The tale of the two giants…
According to Irish mythology, there once lived a pair of giants, Finn McCool (or Fionn Mac Cumhaill) in Northern Ireland and Benandonnar across the channel in Scotland. The two giants were aware of each other, and loathed each other, especially since their countrymen held them up as their respective champions, boasting incessantly of their own man’s superiority.
One day, Benandonnar, the Scottish giant, began to hurl insults at his rival. In rage, Finn McCool scooped a mound of dirt and threw it at Benandonnar, symbolic of throwing down a gauntlet and challenging him to a fight. (By some accounts, the dirt he scooped up created the crater for Northern Ireland’s largest lake, Lough Neagh, and in falling into the sea, the Isle of Man.) Benandonnar, in turn retaliated by throwing an immense rock at Finn, and bellowing, “You don’t know how lucky you are. If I were a strong swimmer, I would come over and give you a thorough thrashing!” As the argument escalated, Finn decided to take up Benandonnar on his threat. He hauled dirt into the channel, and created a causeway for the Scotsman to come and face him “…if, that is, you have the gall.” But in building the causeway, Finn found himself on the Scottish shore, where he could spy his foe.

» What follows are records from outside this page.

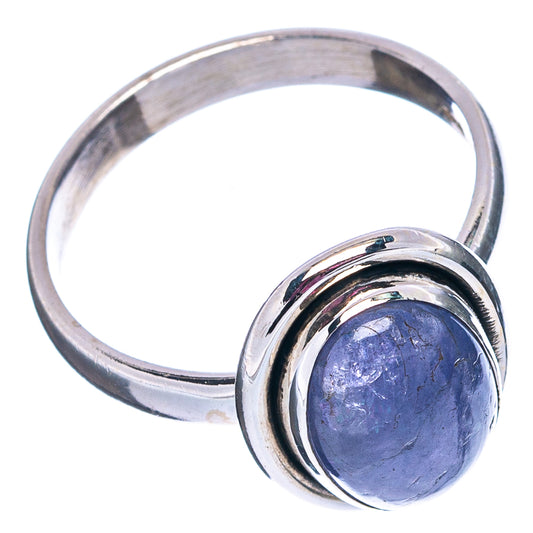 Sterling silver tanzanite ring with oval blue stone in raised double bezel
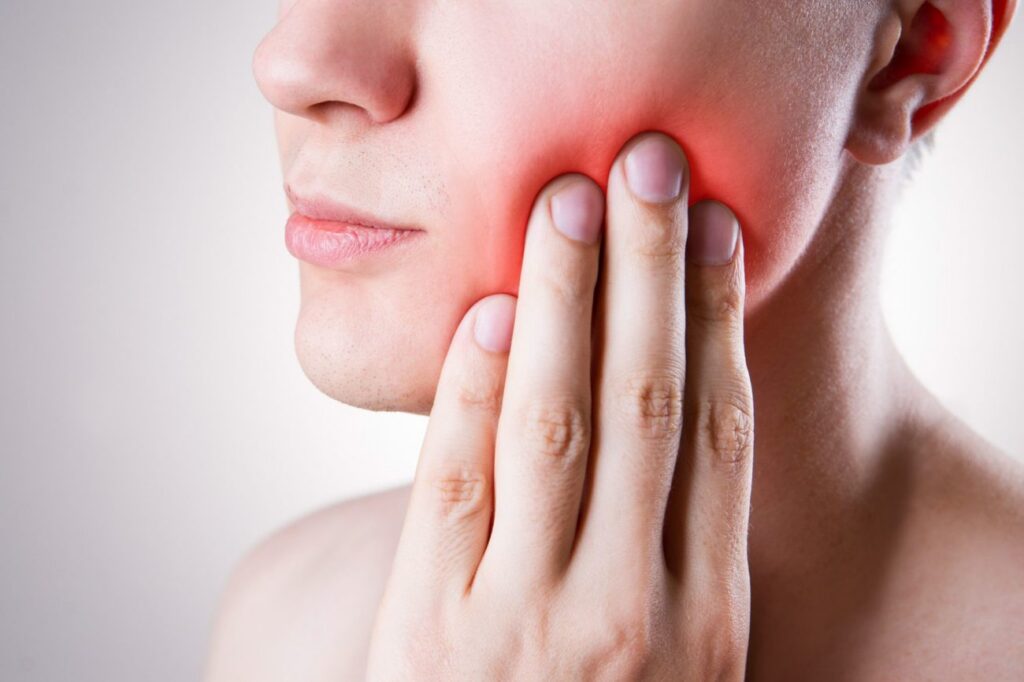 Man holds his jaw in pain from TMJ dentist in Indianapolis Indiana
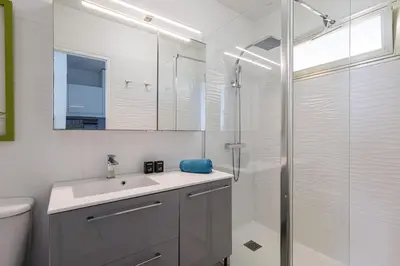 a white bathroom with a sink and a shower at Sea View- Beach- Chic & Air-Conditioned in Saint-Laurent-du-Var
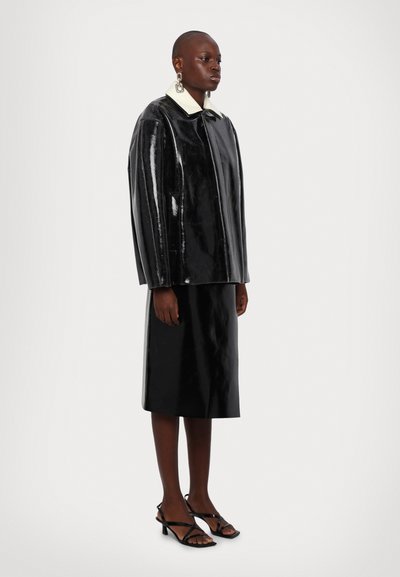 Giacca in pelle verniciata nera con maniche oversize, colletto bianco e gonna a tubino nera coordinata. Sandali neri con tacco e cinturini completano il look.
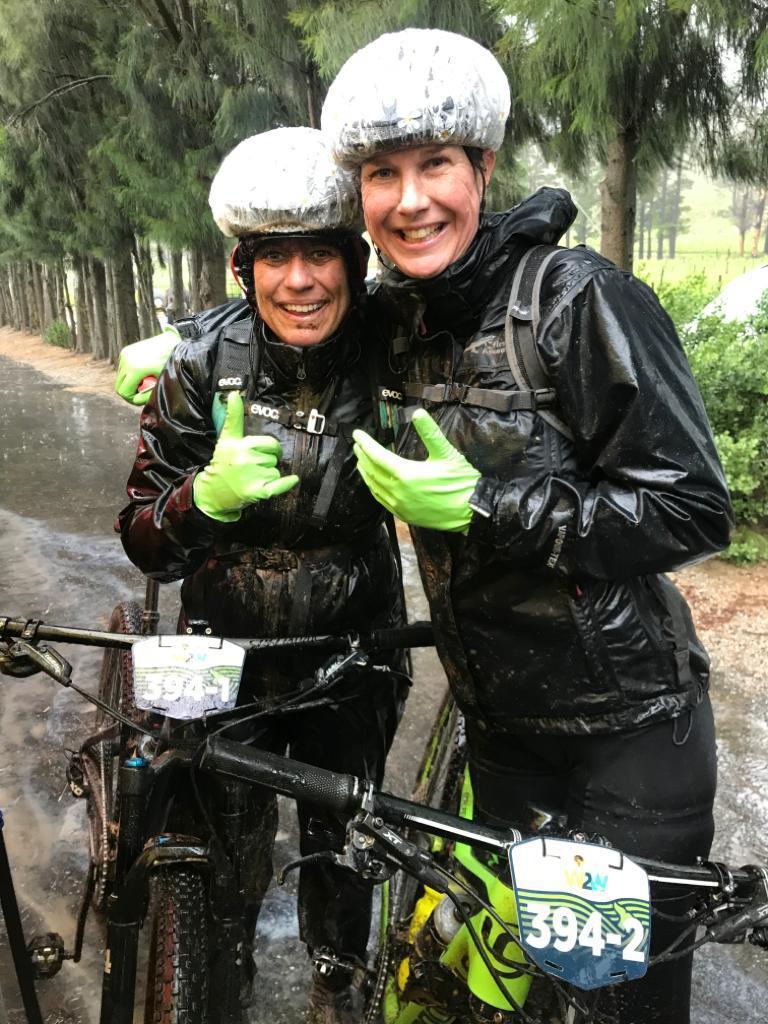Two bikers in rain gear smiling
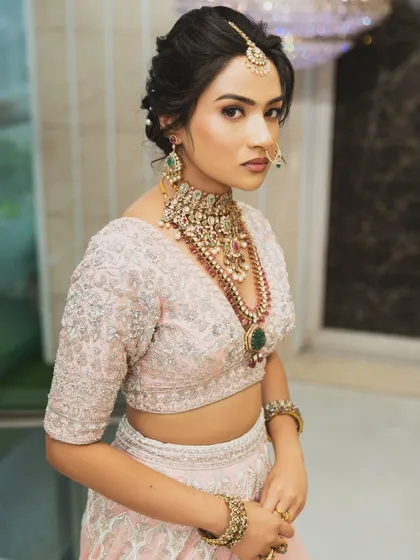 Twirl into a fairytale with this baby pink bridal lehenga. I designed it with intricate horse embroidery on the raw silk skirt and paired it with a heavily handworked blouse and a delicate net dupatta for a truly heavenly look.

To his shock and horror, the Scottish giant was considerably bigger than he was! Accordingly, he made a hasty retreat, but only to look back and see that Benandonnar was trailing behind him, crossing the channel to Ireland also.
Here, Finn’s wife came to the rescue. She instructed Finn to immediately jump into his bed, and to pretend to be asleep. When Benandonnar arrived, Finn’s wife invited the Scottsman into the house, and explained, “My husband is away. And if you are not quiet, you will wake up our baby sleeping in the crib.” When Benandonnar saw Finn under the covers, his head sticking out from one end, his feet from the other, he realized, “If their baby is that big, how big is the father! Clearly, he must be much bigger than I.” This time it was Benandonnar who made a hasty retreat, running across the causeway, and tearing it up in the process. “And that is how,” the myth goes, “… Giant’s Causeway was created!”
A Geologic Wonderland…
The shafts (or columns) of stones rising from the ground resemble giant cigarettes, closely packed, their hexagonal cross sections fitting together to weave a colossal mass. Geologists and material scientists investigating the composition, concluded that there exist approximately 40,000 shafts of different length, that they are basaltic rocks and mostly six-sided (hexagonal). It is known that they were created by magma extruding upward from volcanic activity in the ground 60 million years ago. Plate tectonic action was powered by the internal dynamics inside the earth, creating geologic faults, trenches and ridges. As the magma cooled and solidified, it also began to crack, as water seeped in. Under ideal conditions, joints form at 120° to one another in basalt, explaining the preponderance of hexagonal pattern seen in the cross sections. Because of flaws in the material, however, they are not all six sided, but other polygons can be seen, including five, seven, eight, or even nine sides. The photo does not include any identifiable scale, such as a meter stick or a person. But the shafts can be as long as 12 meters (36 ft) or as tall as a four-story building.
Following the theoretical (mathematical) analysis by applied mathematician L. Mahadevan in Harvard University’s Material Sciences Department, and simple experiments using starch and water by physicists Stephen Morris and Lucas Goehring at the University of Toronto convincing evidence emerged that in the growth of these columns, their cross sectional size was determined by the time it took for the material to cool down. The longer the cooling period the larger will be the cross section. The phenomenon is also seen in the mud in parched river and lakebeds during drought conditions.
Giant’s Causeway is the best known of columnar basalts in the world, but similar geological sites do exist especially in areas of tectonic activity. First there is the eponymous Fingal’s Cave on the uninhabited Isle of Staffa, Scotland, closely related to Giant’s Causeway in its gestation, as a creation by Paleocene basalt flow. Although conceived 60 Million years ago, they were both uncovered by receding ice sheets at the end of the last Ice Age 15,000 years ago. The cave, discovered in 1770 and known for its haunting echoes reminiscent of an organ, served as the inspiration for Mendelssohn’s overture, “New Hebrides” (1829). Futurist Jules Verne cited the cavern in his book “Le Rayon Vert,” and again in his novels “Journey to the Center of the Earth.” Nineteenth century poets and writers, including William Wordsworth, John Keats and Alfred Lord Tennyson wrote about them. And artist Turner created his painting, “Staffa, Fingal’s Cave.”
Other basaltic pillars include Devil’s Postpile in California; Narooma Basalt, Narooma, New South Wales, Australia; and the massive Devil’s Tower, Wyoming, USA.